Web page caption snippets
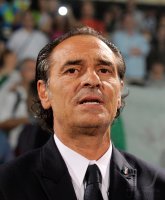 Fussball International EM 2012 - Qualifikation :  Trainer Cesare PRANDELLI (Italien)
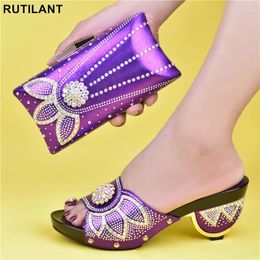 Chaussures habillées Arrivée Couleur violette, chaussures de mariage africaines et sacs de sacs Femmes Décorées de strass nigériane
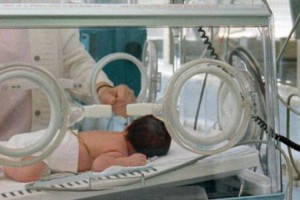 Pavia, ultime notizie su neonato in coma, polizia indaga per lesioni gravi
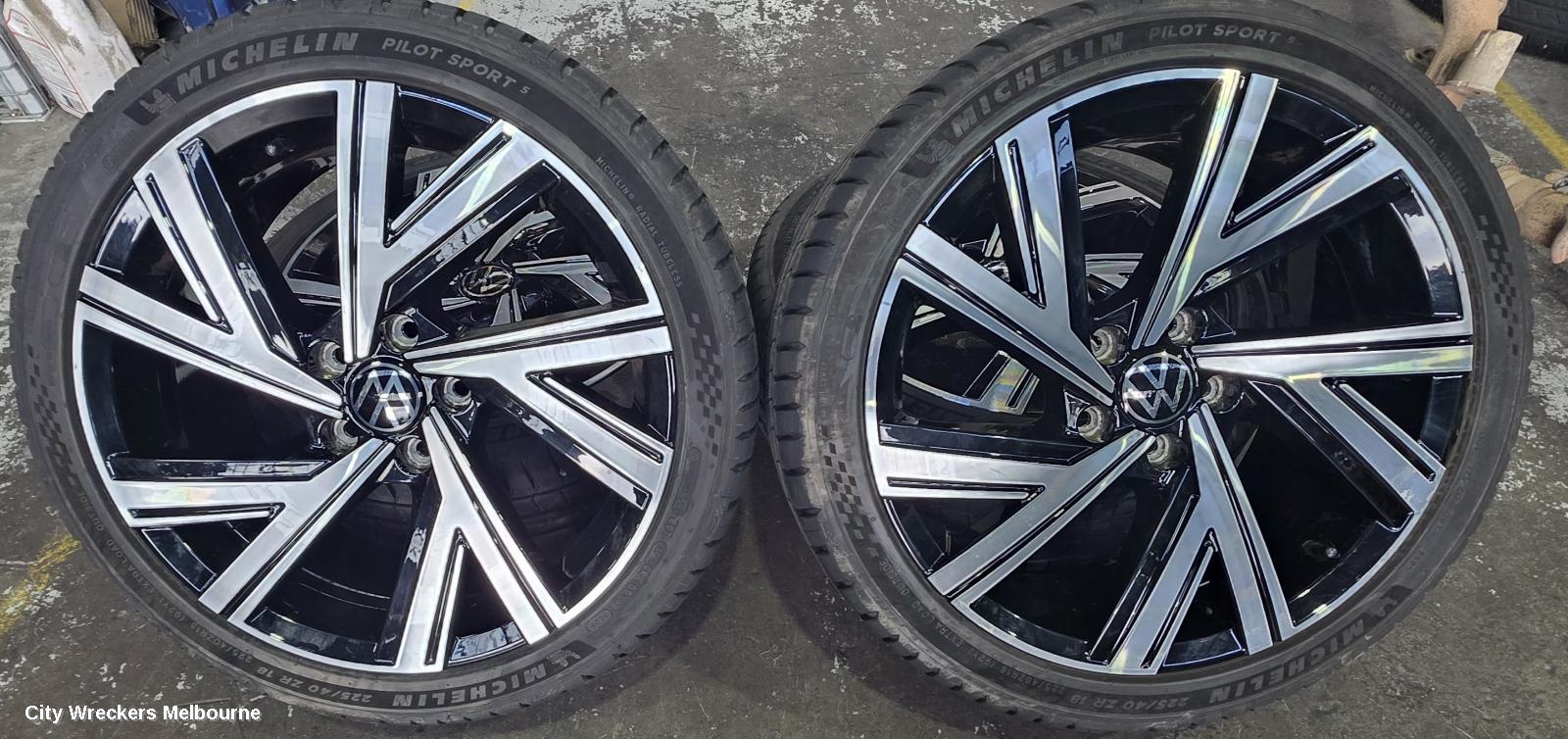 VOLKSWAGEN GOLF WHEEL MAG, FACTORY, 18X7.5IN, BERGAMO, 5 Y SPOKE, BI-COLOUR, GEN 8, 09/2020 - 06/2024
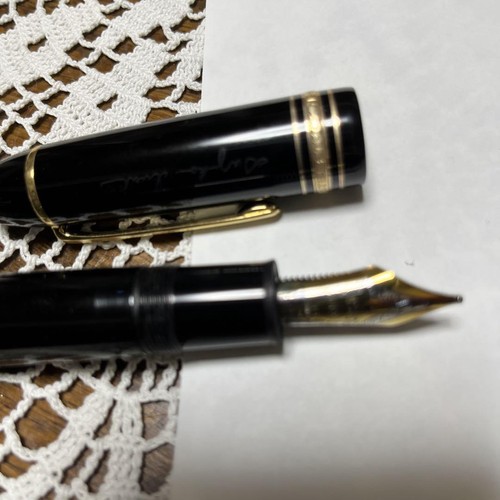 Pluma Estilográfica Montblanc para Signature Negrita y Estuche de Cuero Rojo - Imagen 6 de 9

▶ **How to complete this task**
Copy out every entry above, character for character, excluding pictures.

▶ **Answer for the task**
 Fussball International EM 2012 - Qualifikation :  Trainer Cesare PRANDELLI (Italien)
 Chaussures habillées Arrivée Couleur violette, chaussures de mariage africaines et sacs de sacs Femmes Décorées de strass nigériane
 Pavia, ultime notizie su neonato in coma, polizia indaga per lesioni gravi
 VOLKSWAGEN GOLF WHEEL MAG, FACTORY, 18X7.5IN, BERGAMO, 5 Y SPOKE, BI-COLOUR, GEN 8, 09/2020 - 06/2024
 Pluma Estilográfica Montblanc para Signature Negrita y Estuche de Cuero Rojo - Imagen 6 de 9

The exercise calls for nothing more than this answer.